Glenn Gould is probably the best-known classical pianist of the 20th century. This is down to his immense technical ability and also his set of idiosyncrasies. When out in public, he would rarely remove his thick wool gloves. He always performed and practiced the piano seated on a modified chair which sat extremely low, at an unorthodox height. He retired from concert performance at the tender age of 31. The list goes on. "Genius Within" is probably the best film portrait of Gould yet to be released. The first half is gripping. We watch this young upstart from a small Canadian town capture wild plaudits after his debut concerts in New York. Then he reaches an even wider audience after his masterful recording of Bach's Goldberg Variations sees release:
Gould brought a vibrancy and fresh approach to the rather obscure Goldberg Variations. His playing on that record is a delight, a marvelous blend of precision and panache.

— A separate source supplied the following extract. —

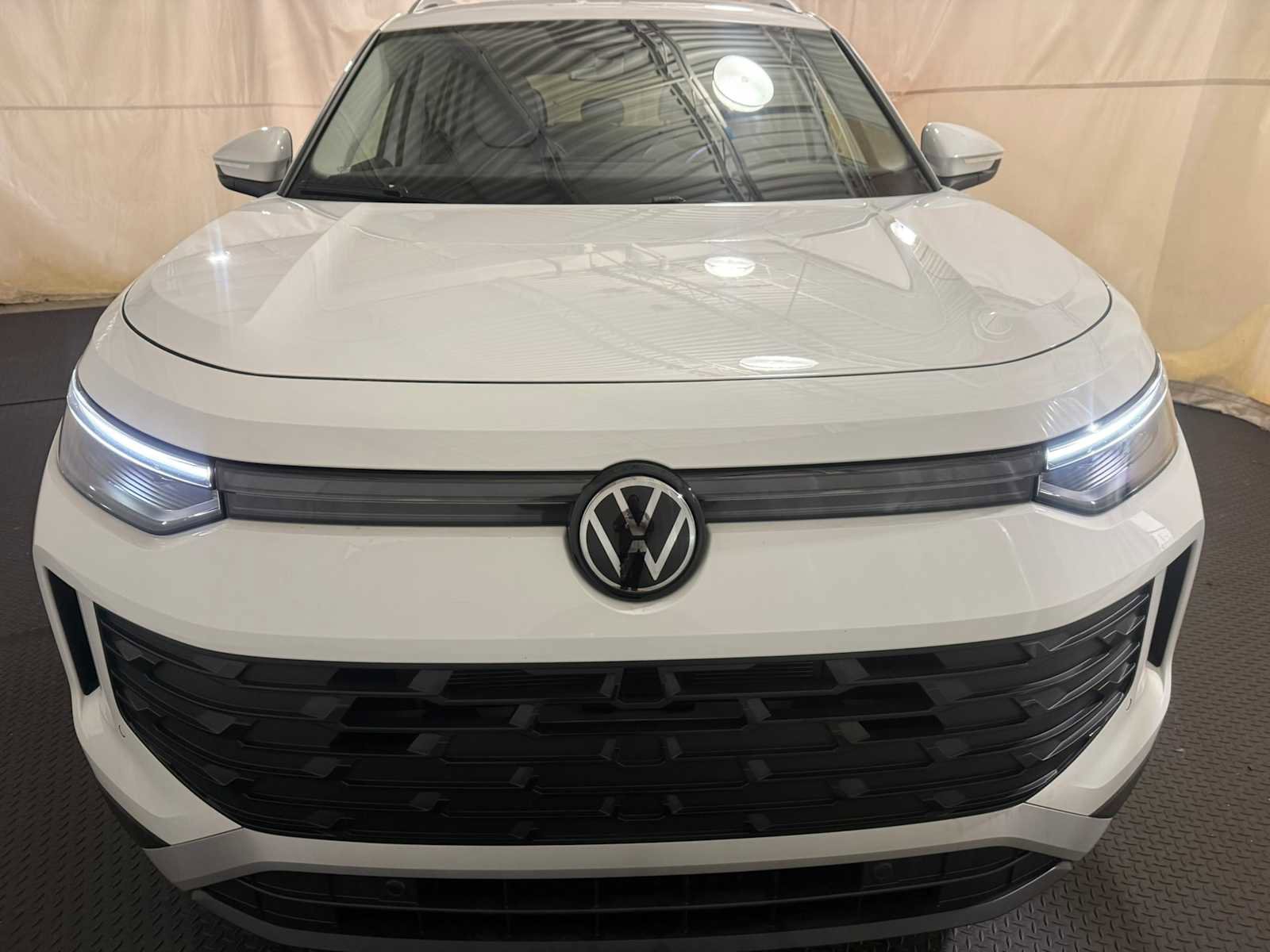 Certified 2025 Volkswagen Tiguan SE image 3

The latter half of the film "Genius Within" does drag. It's difficult to bring Gould's private years to life on screen. He became an isolationist and mostly retreated to the recording studio, putting down on tape his singular interpretations of keyboard classics. During his later years he also produced an occasional scripted radio program, and painstakingly documenting every one of his bodily tics (Gould was a notorious hypochondriac). There's more to be explored here; unfortunately "Genius Within" does a poor job explicating this period of time.
And then Gould was gone, deceased far too soon. He leaves behind him a vicious wake. He life resembled a fireball: burn bright, scorch the landscape, and then keep on moving.